Find the line that contains "this 350×262 image." in the entries below. Output it and each later line exactly, and nothing else.
━━ DATA IN THIS EXERCISE ━━
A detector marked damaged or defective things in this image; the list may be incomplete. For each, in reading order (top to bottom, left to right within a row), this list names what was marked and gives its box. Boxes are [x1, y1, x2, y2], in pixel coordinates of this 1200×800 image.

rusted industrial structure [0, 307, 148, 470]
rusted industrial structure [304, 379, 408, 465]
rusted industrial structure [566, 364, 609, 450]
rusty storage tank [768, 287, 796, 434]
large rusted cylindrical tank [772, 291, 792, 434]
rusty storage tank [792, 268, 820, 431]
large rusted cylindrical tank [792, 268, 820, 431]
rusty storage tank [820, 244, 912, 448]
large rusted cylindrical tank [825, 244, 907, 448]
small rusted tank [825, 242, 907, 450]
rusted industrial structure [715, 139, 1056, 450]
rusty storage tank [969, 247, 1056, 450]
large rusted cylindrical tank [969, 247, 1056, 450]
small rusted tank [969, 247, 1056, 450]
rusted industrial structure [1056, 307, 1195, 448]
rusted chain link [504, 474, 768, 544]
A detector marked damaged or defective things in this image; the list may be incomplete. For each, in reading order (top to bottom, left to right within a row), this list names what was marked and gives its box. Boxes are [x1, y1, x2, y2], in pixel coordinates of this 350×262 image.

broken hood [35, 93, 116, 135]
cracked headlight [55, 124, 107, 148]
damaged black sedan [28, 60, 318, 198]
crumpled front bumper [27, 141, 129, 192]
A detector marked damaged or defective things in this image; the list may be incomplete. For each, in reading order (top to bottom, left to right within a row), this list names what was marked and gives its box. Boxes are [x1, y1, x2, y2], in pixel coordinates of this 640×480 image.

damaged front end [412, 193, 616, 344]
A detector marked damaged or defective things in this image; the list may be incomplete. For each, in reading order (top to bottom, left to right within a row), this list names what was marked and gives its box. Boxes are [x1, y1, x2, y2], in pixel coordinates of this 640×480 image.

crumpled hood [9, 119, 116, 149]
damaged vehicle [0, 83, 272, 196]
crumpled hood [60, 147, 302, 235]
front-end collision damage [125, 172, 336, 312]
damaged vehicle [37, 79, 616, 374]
━━━
* _OUTPUT FOR THIS TASK_
A detector marked damaged or defective things in this image; the list may be incomplete. For each, in reading order (top to bottom, left to right within a row), this list names what was marked and gives its box. Boxes are [x1, y1, x2, y2], in pixel coordinates of this 350×262 image.

broken hood [35, 93, 116, 135]
cracked headlight [55, 124, 107, 148]
damaged black sedan [28, 60, 318, 198]
crumpled front bumper [27, 141, 129, 192]
A detector marked damaged or defective things in this image; the list may be incomplete. For each, in reading order (top to bottom, left to right within a row), this list names what was marked and gives its box. Boxes are [x1, y1, x2, y2], in pixel coordinates of this 640×480 image.

damaged front end [412, 193, 616, 344]
A detector marked damaged or defective things in this image; the list may be incomplete. For each, in reading order (top to bottom, left to right within a row), this list names what was marked and gives its box. Boxes are [x1, y1, x2, y2], in pixel coordinates of this 640×480 image.

crumpled hood [9, 119, 116, 149]
damaged vehicle [0, 83, 272, 196]
crumpled hood [60, 147, 302, 235]
front-end collision damage [125, 172, 336, 312]
damaged vehicle [37, 79, 616, 374]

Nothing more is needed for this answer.